• _GIVEN INFORMATION_:

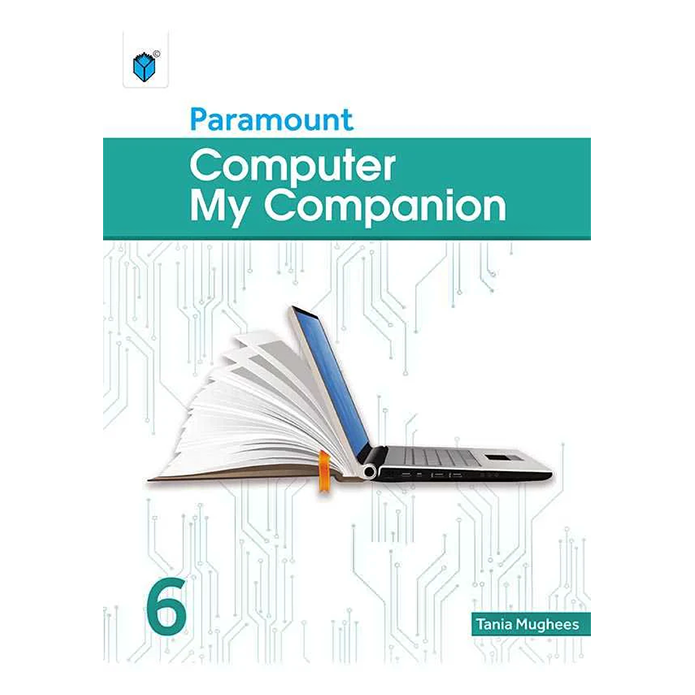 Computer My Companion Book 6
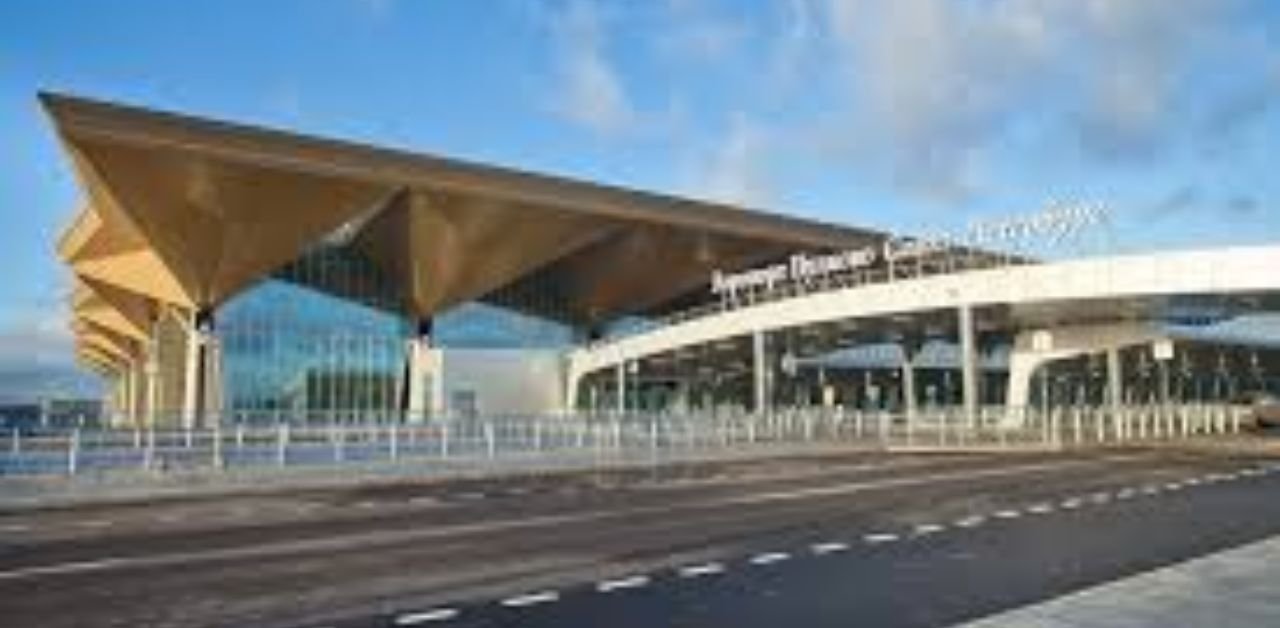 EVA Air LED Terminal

==

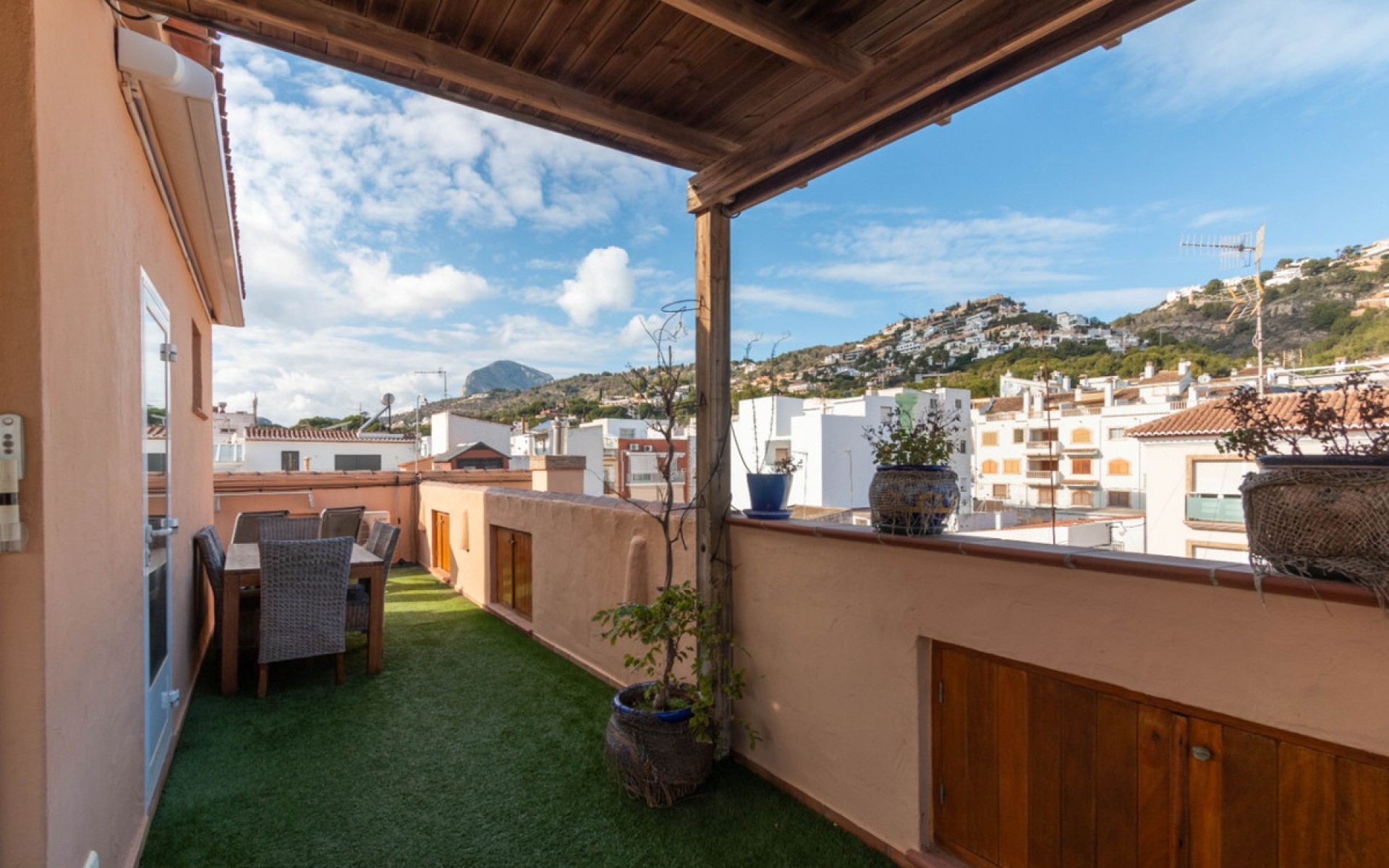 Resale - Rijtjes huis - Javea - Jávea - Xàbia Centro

--

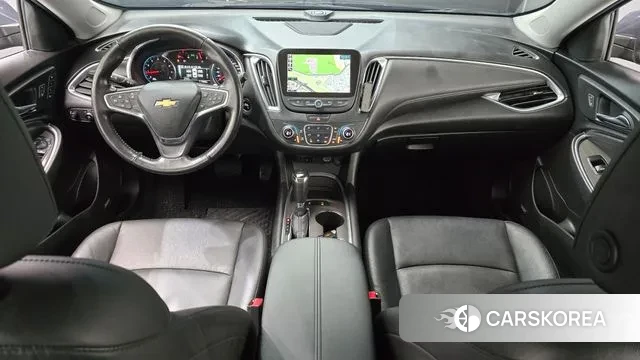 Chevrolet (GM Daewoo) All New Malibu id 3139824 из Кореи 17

• _WHAT YOU NEED TO DO_: Look above for the line with "Computer My Companion Book 6" and the line with "EVA Air LED Terminal". Give again exactly those two lines and all lines between them, pictures excluded.

• _SOLUTION FOR THIS EXERCISE_:
 Computer My Companion Book 6
 EVA Air LED Terminal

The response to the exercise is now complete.